Exercise input:
»»
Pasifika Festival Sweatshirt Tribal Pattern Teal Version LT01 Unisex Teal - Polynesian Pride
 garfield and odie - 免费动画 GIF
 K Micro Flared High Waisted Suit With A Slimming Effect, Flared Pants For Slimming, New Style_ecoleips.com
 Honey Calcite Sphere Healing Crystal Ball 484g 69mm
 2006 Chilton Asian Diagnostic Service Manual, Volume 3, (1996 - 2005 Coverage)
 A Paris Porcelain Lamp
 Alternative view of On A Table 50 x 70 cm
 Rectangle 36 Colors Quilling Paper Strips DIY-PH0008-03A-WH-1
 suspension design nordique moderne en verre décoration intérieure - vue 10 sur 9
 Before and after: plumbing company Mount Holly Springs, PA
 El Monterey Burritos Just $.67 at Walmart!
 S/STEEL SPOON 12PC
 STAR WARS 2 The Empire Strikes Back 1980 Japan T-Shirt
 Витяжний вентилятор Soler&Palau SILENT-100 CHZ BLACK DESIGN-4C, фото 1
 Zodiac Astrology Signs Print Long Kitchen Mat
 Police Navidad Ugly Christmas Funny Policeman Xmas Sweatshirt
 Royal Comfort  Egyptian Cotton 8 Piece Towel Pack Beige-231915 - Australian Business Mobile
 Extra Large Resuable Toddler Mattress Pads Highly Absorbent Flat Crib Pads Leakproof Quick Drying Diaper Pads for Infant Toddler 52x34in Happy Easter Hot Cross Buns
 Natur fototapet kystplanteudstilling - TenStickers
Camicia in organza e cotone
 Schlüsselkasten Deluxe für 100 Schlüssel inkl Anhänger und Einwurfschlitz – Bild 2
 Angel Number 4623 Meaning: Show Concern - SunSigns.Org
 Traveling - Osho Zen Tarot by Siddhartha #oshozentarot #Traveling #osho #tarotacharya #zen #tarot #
««
What you need to do:
Working from the records above, write out verbatim only the lines from the line containing "STAR WARS 2" through the line containing "Australian Business Mobile".

Expected answer:
 STAR WARS 2 The Empire Strikes Back 1980 Japan T-Shirt
 Витяжний вентилятор Soler&Palau SILENT-100 CHZ BLACK DESIGN-4C, фото 1
 Zodiac Astrology Signs Print Long Kitchen Mat
 Police Navidad Ugly Christmas Funny Policeman Xmas Sweatshirt
 Royal Comfort  Egyptian Cotton 8 Piece Towel Pack Beige-231915 - Australian Business Mobile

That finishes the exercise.